In termini più espliciti e diversi, le giustificazioni prodotte (i certificati) e rinvenibili in uno stato di malessere grave, tale da impedire di partecipare alle sedute in relazione allo stato di salute precario o per cure/visite mediche che imponeva il riposo, appaiono flebili, incoerenti (temporalmente), sommarie: «gli elementi e le circostanze esaminate retro… risultano di per sé idonei a determinare l’accoglimento dell’appello (e a confermare la sostanziale assenza dei rubricati profili di illegittimità della disposta decadenza), in tal modo esimendo il Collegio dall’esame puntuale della quaestio facti relativa al se i certificati medici fossero stati prodotti soltanto a seguito della comunicazione di avvio del procedimento di decadenza (ovvero se – come affermato dall’appellante – gli stessi fossero stati di tempo in tempo consegnati a mano al segretario verbalizzante)».
Si vuole andare oltre alla scansione temporale di produzione dei certificati, se al momento del bisogno o se successivamente al momento dell’avvio del procedimento di decadenza: la circostanza non risulta determinante.
Ciò che invece risulta determinante è il contenuto dei certificati a giustificazione delle assenze: «il ricorso di primo grado doveva essere respinto in ragione della sostanziale assenza di adeguate cause giustificative delle assenze, per come desumibili dal contenuto dei certificati».
Il Consiglio di Stato, sez.
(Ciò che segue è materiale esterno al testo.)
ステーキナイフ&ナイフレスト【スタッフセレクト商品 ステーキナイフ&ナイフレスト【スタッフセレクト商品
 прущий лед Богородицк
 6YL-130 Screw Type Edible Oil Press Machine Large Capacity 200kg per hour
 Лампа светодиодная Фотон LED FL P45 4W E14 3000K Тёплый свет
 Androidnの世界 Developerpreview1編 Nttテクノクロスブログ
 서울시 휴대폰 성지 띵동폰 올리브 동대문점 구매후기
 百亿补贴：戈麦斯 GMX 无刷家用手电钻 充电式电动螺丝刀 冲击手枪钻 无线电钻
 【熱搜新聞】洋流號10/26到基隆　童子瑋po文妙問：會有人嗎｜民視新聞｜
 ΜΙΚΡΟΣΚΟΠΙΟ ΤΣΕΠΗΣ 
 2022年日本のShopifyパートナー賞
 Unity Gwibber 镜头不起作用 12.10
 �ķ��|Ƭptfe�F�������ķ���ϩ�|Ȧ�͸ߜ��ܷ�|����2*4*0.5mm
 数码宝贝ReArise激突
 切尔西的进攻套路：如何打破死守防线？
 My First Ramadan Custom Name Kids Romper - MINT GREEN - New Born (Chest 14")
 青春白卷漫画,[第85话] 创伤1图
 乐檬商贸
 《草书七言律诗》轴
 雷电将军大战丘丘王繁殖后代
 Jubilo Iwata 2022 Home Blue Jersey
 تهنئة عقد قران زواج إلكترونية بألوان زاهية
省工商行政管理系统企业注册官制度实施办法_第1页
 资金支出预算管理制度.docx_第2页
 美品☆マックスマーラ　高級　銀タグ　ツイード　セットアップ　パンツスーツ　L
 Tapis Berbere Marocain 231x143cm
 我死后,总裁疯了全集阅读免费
V, con la sentenza 17 gennaio 2019, n. 422, accoglie il ricorso, e riforma la sentenza di primo grado, confermando la decadenza del Consigliere assenteista che ha presentato – a giustificazione delle assenze – dei certificati medici generici, incapaci di dimostrare uno stato fisico impeditivo o preclusivo alla fattiva partecipazione (rectius presenza) ai lavori consiliari.
La sentenza si presta ad altre considerazioni che non rimangono nell’ombra, ma vengono lasciate in sospensione (di giudizio); ovvero, il ruolo e il contenuto dei certificati medici presentati che non sembrano attestare (dal tenore della sentenza) quello che invece dovrebbe essere il loro ruolo di certificazione: accertare un fatto conferendo una rilevanza nei confronti di terzi (il Consiglio comunale), facendo fede fino a prova contraria, anche con riferimento alla data di compilazione oltre alle cause impeditive.
Diversamente opinando, si direbbe, perde senso la presentazione di una certificazione.
Se lo scopo del certificato medico era quello di dimostrare l’impossibilità oggettiva di essere presente e di poter assistere ai lavori, quanto meno si doveva rendere una pur minima ragione dell’impedimento (ad es. una visita medica e/o specialistica prolungata, un intervento chirurgico, uno stato di malessere che richiede il riposo forzato o malattia, la convalescenza a letto); di converso, se l’assenza deve essere giustificata, e tale giustificazione si rinviene nel certificato medico, allora, appare più che lecito richiedere al medico di descrivere in modo sufficiente lo stato di salute, o le circostanza ad esso connesse, che richiedono l’astensione da ogni attività, sia essa anche di natura elettiva (politica).
Ragioni più pratiche e un senso di collaborazione/correttezza/cortesia istituzionale, richiederebbero di segnalare quanto prima ogni situazione impeditiva (ex ante), evitando una reiterazione dell’assenza ingiustificata o (ex post) da giustificare (anche se pur possibile).
Resta inteso, che trattando dati personali inerenti lo stato di salute, ogni cautela e misura di sicurezza dovrà essere adottata, sia nella discussione che verbalizzazione della seduta, inibendo ogni diffusione o pubblicazione del dato personale.